Glatteis und Mitverschulden des Geschädigten
Einen für die Praxis überaus wichtigen Fall hatte nunmehr der Bundesgerichtshof mit Beschluss vom 01.07.2025 (Az. VI ZR 357/24) zu entscheiden. In diesem Verfahren ging es um die Frage, wann ein aufgrund fehlender Schneeräumung gestürzter Passant gegenüber dem Eigentümer erfolgreich Schadensersatz- und Schmerzensgeldansprüche geltend machen kann. Insbesondere war dabei relevant, wie viel der Geschädigte vor Gericht vorzutragen hat und wann von einem die Haftung des Räum- und Streupflichtigen ausschließenden Mitverschulden des Gestürzten auszugehen ist.
Der Fall:
Die Klägerin, eine zum Unfallzeitpunkt 80-jährige Dame, war am 08.02.2021 vor dem Grundstück des Beklagten zu Fuß unterwegs. Sie behauptet, an diesem Tag gegen 15:15 Uhr auf dem vereisten und deshalb durchweg spiegelglatten Bürgersteig vor dem Grundstück des Beklagten gestürzt zu sein. An der Sturzstelle hatte sich nach ihren Ausführungen eine derart dicke, nicht durch Schnee bedeckte Eisschicht gebildet, dass nach Einschätzung ihres Begleiters seit Tagen nicht mehr gestreut worden sei. Die Eisglätte hatte sie vor dem Sturz zwar noch bemerkt und unverzüglich die Straßenseite wechseln wollen. In diesem Moment sei sie jedoch schon gestürzt, was zu diversen Verletzungen und Beschwerden geführt hatte.
Die Entscheidung:
Das Landgericht und das hiernach befasste Oberlandesgericht haben die Klage der Geschädigten abgewiesen. Dabei stützen sich die Richter unter anderem darauf, dass es der Klägerin nicht gelungen sei, hinreichend konkret darzulegen, dass der Grundstückseigentümer seiner Räum- und Streupflicht nicht nachgekommen sei und dass an dem Tag Glätte bestanden hätte. Dieser Meinung wollte sich der BGH nicht anschließen und hob die Entscheidungen auf und verwies sie zur erneuten Verhandlung an das Oberlandesgericht zurück.
Die Gründe:
In seiner Entscheidung ließ sich der Bundesgerichtshof von zwei für die Praxis wichtigen Gedanken leiten:
Zunächst war der Bundesgerichtshof der Auffassung, dass ein Passant, der vor einer Immobilie stürzt, seiner Darlegungs- und Beweislast in einem Schadensersatz- und Schmerzensgeldverfahren gegen den Gebäudeeigentümer gerecht wird, wenn er im Gerichtsverfahren vorträgt, dass am streitgegenständlichen Unfalltag mit einer Temperatur um 0° C eine allgemeine Glättebildung ausgelöst wurde und als Beweis hierfür die Einholung eines meteorologischen Sachverständigengutachtens anbietet. Nach Auffassung des Bundesgerichtshofs hat sich damit der Geschädigte nämlich nicht darauf beschränkt, zu den Außentemperaturen vorzutragen. Vielmehr hat er bei verständiger Würdigung des Vortrags darüber hinaus auch eine Glättebildung behauptet, die eine Räum- und Streupflicht auslöst. Dieser Gedanke des Bundesgerichtshofs ist deshalb so praxisrelevant, weil er die Schwelle des erforderlichen Vortrags eines gestürzten Passanten im Regressverfahren gegen den Grundstückseigentümer erheblich nach unten schraubt.

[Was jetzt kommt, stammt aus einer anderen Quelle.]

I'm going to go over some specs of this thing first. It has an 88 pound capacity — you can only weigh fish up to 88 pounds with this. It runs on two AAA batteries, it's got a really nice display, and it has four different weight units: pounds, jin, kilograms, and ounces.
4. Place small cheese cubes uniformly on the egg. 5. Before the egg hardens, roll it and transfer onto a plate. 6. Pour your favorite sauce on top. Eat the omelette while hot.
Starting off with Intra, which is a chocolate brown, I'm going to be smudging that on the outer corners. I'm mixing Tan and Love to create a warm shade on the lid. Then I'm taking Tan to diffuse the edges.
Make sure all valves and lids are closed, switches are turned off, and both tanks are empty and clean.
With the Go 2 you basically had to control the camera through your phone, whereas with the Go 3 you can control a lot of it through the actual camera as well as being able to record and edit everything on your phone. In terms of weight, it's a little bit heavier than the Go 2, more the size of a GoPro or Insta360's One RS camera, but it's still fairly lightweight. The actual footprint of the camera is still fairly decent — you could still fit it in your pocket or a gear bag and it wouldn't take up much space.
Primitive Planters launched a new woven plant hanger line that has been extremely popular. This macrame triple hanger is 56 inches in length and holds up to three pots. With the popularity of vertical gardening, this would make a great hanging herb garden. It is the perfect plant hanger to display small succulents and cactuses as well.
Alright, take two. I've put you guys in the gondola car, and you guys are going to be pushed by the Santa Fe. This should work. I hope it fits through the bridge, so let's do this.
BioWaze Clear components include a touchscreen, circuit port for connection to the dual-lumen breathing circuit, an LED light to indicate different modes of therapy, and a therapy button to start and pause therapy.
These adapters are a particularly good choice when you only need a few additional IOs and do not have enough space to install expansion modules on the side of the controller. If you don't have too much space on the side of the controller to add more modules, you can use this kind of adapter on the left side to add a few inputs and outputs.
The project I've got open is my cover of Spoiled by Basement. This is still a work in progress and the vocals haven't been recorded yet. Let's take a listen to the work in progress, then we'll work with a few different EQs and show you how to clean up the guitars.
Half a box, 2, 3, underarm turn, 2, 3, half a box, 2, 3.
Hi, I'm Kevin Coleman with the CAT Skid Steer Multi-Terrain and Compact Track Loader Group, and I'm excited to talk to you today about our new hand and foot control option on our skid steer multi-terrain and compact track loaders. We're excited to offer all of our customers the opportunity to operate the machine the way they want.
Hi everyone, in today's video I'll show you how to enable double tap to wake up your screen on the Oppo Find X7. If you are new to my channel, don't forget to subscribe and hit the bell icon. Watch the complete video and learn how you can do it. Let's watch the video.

Auch ein zweiter Gesichtspunkt der Entscheidung des Bundesgerichtshofs ist von großer Bedeutung für Grundstückseigentümer. Landgericht und Oberlandesgericht waren der Auffassung, dass eine Klage auch deswegen abzuweisen sei, weil davon auszugehen war, dass die 80-jährige Passantin ein erhebliches Mitverschulden an dem Sturz getroffen habe, das die Haftung des Grundstückseigentümers ausschließt. Auch dieser Meinung wollte sich der Bundesgerichtshof nicht anschließen.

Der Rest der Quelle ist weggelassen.